Wreckage of Missing AirAsia Airbus A 320 Flight # QZ 8501 Jet Found by Searchers in the Java Sea

Wreckage and several bodies from the missing AirAsia Airbus A 320 jet were last night found by searchers in the Java Sea - but there were no reports of survivors.

"God blessed us today," National Search and Rescue Agency chief Bambang Soelistyo told a press conference.

"At 12.50 the Air Force Hercules found an object described as a shadow at the bottom of the sea in the form of a Aircraft," he said.

But hopes of finding survivors were dashed.

At least three bodies had been recovered from the ocean last night, and others were seen near floating debris, some of which resembled an Aircraft door and emergency slide.

The bodies had been taken to an Indonesian navy ship, the Associated Press reported.

Air Force Hercules C130 co-Pilot Lieutenant Tri Wibowo, who flew on a search mission over the area, told kompass.com he saw dozens of floating bodies as well as passenger luggage and Aircraft debris.



"We thought that the passengers were still alive and waved at us for help. But when we approached closer [we saw] they were already dead," he said.

Some 21 divers had been sent to retrieve debris and bodies from the water.

AirAsia founder and group chief executive Tony Fernandes tweeted shortly after the news broke: "My heart is filled with sadness for all the families involved in QZ8501. On behalf of AirAsia my condolences."

Indonesia's civil aviation chief confirmed the debris found in the search area was from missing Flight QZ8501, which disappeared on Sunday in a storm over the Java Sea with 162 people on board.  "For the time being it can be confirmed that it's the AirAsia Aircraft and the transport minister will depart soon to Pangkalan Bun," Djoko Murjatmodjo said.

Reports from Crews suggested as many as 10 items may have been located, including what might be a life raft, life jackets and long orange tubes.  "Based on the observation by search and rescue personnel, significant things have been found such as a passenger door and cargo door. It's in the sea, 160km southwest of Pangkalan Bun," Mr Djoko said.

Pangkalan Bun is in central Kalimantan on the island of Borneo.  Indonesian officials coming off a helicopter in Pangkalan Bun said they spotted several bodies floating in the water.

"There was a man swaying on the waves.

"After I looked at the photo carefully on my laptop, I understood it was a human body," a lieutenant of the Indonesian Air Force told local media.  There were no reports of any survivors, although the presence of a life raft gave initial hope people might have survived the crash.

The chances of the objects in the Java Sea being from the AirAsia jet increased dramatically after it was revealed some of the pieces were red and white - the Airline's colours. 

The debris is red and white," said Mr Djoko.

It's likely from the body of the Aircraft.

While officials greeted the news with cautious enthusiasm, the suggestion that a portion of the body of the Aircraft had been found was greeted with dismay by families of those on board.

Does this mean the Aircraft has broken up completely ? Asked a distressed man at Singapore Airport, where police were guarding a room set aside for family members to receive briefings.

The news of the sighting of the debris came within two hours of it being revealed that family members were intending to fly over the search area so they could pray for those who were missing.

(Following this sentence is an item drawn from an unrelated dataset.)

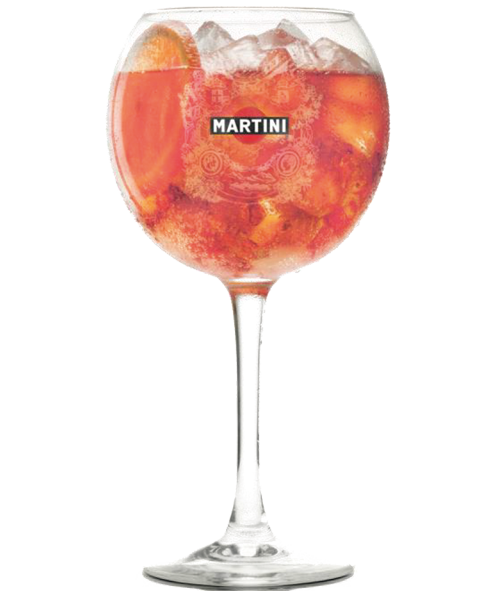 Martini Fiero Tonic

It was not immediately clear whether that charter Flight will now go ahead as officials said that viewing the debris would be likely to cause great anxiety.

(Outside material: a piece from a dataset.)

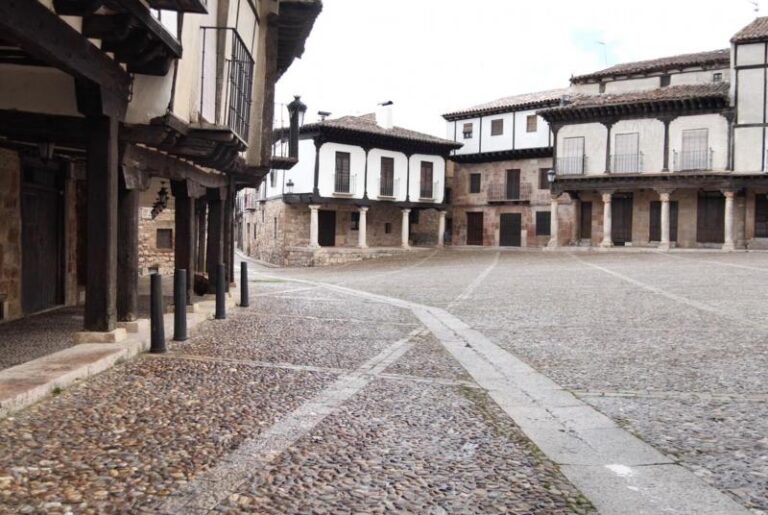 Atienza Plaza Mayor 768x515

The Airbus A320-200 lost contact about 6.17am local time on Sunday en route from Surabaya, in Indonesia's east Java, to Singapore after the Crew requested a change of Flight plan due to stormy weather.

Aviation experts have revealed veteran Pilots usually avoid the area known as the "thunderstorm factory", where the Flight went missing, because of its catastrophic storms.

Strategic Aviation Solutions chAirman Neil Hansford told Australia's Today show on Channel Nine that most Flights went around the area and somebody "dropped the ball" when they made the Flight plan for QZ8501.

Earlier yesterday, New Zealand sent a military Aircraft to help in the search.

A spokeswoman for the Ministry of Foreign AffAirs and Trade said a Royal New Zealand Air Force P-3 Orion had been sent to join the international search mission.